Special Air Service (SAS) - Counter Sniper Operations - Northern Ireland
Between 1990 and 1997 an IRA sniper team operating in South Armagh, Northern Ireland, killed 7 soldiers and 2 policemen before a joint SAS and 14 Company operation put a stop to their reign of terror.
Following intelligence that the IRA were using farms as bases of operations / weapons caches, the Police, assisted by Army intelligence operatives, began a series of surveillance and search operations. A farm complex by the village of Crossmaglen in South Armagh fell under suspicion and was put under surveillance. A Mazda 626 car from the farm complex was also put under surveillance via attached hidden tracking devices.

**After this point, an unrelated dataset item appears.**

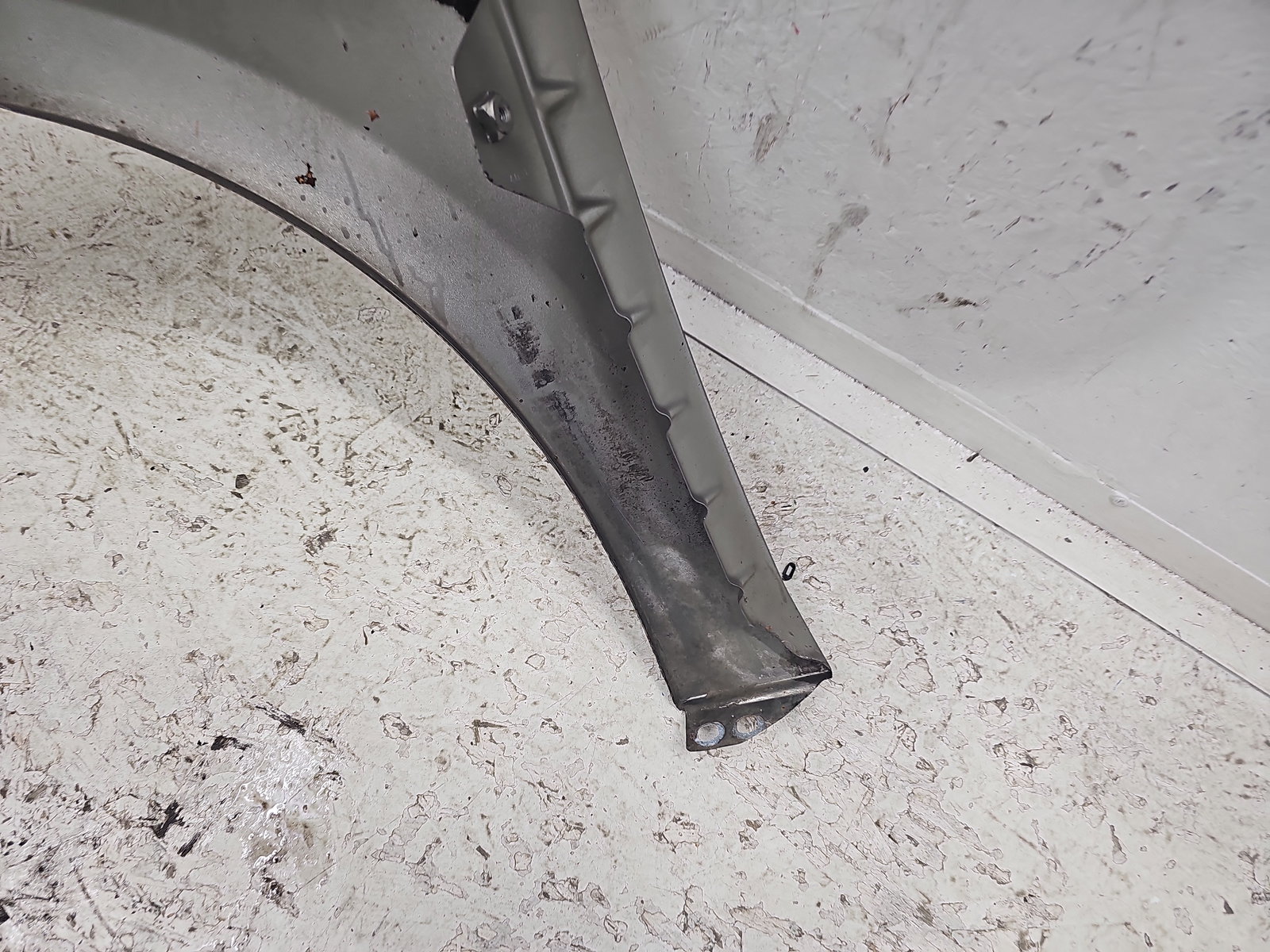 Aripa dreapta fata Volkswagen Passat CC (357) [Fabr 2008-2012] LC8Y - imagine 8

In February 1997, British soldier, Stephen Restorick, was shot at a Crossmaglen Vehicle Checkpoint (VCP) by a large caliber bullet. 14 Company had been electronically tracking the Mazda and had realised that it had been stationary and in range at the time of the shooting. A subsequent close reconnaissance of the Mazda confirmed that it had been adapted for use as a mobile sniper platform. These modifications included a sliding armoured plate in the boot, through which the rifle could be aimed and fired, the gunman laying hidden within the car.
The Army's 14 Intelligence Company (the DET) began a painstaking intelligence gathering operation to ascertain the identities of the snipers and locate their weapon. Hidden cameras were secreted around the suspect farm. Over a period of several weeks, the identities of the IRA cell were established and they were all closely monitored.
On the 10th of April, 1997, 4 IRA suspects were observed preparing the Mazda for an operation. It was decided to move in and arrest the team. An SAS unit drove at high speed into the farm complex aboard a transit van, leaped out and arrested the 4 IRA men at gunpoint. The sniper rifle, a .50 caliber Barrett (L82a1) was found hidden in the roof of a horsebox. Supplies of ammunition for the weapon were also discovered.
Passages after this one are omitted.